INSTRUCTIONS TO FOLLOW:
Count how many lines in this material contain "Side". The answer is that number alone.

INFORMATION PROVIDED:
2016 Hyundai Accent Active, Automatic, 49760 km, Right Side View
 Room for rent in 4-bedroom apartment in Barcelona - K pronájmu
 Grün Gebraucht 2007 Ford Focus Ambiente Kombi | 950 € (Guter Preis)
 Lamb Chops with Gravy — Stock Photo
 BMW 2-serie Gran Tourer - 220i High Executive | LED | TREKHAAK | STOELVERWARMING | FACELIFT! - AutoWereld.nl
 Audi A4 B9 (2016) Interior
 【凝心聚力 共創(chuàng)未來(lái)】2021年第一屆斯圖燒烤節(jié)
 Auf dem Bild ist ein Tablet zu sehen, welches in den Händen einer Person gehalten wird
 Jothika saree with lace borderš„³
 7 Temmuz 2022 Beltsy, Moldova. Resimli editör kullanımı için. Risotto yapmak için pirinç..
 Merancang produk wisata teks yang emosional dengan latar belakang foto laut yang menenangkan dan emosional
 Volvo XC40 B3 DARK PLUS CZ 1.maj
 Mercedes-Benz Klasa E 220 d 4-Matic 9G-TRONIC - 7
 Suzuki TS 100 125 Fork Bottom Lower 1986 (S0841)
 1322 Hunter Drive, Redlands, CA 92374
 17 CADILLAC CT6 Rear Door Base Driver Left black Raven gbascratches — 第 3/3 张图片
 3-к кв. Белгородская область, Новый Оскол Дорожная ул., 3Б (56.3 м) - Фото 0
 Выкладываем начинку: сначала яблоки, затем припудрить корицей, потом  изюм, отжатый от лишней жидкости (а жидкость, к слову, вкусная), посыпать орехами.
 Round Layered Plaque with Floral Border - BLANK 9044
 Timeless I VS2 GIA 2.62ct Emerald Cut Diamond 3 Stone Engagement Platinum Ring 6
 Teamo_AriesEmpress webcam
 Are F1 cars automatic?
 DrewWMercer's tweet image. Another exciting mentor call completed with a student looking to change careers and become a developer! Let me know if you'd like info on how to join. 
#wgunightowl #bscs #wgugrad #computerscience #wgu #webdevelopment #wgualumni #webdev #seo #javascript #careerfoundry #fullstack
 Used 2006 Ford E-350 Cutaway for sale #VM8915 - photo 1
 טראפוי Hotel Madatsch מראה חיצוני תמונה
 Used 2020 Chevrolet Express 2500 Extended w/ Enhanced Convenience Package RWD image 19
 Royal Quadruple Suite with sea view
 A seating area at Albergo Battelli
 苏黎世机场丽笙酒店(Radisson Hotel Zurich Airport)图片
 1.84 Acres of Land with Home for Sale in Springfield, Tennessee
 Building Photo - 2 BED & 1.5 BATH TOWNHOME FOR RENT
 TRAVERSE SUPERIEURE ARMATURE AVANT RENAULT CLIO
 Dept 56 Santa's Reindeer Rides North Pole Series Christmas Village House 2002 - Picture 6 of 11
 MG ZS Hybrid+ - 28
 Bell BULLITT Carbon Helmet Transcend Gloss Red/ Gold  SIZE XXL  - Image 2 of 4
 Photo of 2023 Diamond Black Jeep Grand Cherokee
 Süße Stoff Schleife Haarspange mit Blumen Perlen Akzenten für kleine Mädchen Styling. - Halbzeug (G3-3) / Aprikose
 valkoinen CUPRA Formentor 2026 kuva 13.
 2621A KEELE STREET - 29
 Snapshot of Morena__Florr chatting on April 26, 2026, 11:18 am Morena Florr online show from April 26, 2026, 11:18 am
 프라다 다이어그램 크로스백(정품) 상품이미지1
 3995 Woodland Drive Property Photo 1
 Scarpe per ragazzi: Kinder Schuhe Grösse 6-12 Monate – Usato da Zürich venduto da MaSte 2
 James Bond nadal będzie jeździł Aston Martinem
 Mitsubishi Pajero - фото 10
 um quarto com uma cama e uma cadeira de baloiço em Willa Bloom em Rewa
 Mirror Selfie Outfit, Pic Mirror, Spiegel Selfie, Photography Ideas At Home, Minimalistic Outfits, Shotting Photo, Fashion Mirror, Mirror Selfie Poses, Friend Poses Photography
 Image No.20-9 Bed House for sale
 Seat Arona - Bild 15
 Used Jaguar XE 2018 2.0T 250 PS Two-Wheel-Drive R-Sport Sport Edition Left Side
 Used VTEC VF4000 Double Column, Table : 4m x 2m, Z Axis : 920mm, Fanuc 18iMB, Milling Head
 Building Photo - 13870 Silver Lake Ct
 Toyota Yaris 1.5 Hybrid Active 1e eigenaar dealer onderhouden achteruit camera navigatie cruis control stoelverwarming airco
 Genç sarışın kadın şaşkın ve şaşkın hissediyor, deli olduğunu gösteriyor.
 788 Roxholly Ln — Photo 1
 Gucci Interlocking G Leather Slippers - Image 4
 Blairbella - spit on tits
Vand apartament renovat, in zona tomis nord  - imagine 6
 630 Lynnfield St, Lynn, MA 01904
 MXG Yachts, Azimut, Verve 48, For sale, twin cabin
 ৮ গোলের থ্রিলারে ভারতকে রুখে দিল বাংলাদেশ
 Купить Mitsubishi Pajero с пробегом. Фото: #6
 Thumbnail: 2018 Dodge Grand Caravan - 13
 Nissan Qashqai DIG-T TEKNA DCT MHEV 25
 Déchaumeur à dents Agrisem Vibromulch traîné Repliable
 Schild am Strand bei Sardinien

RESPONSE:
2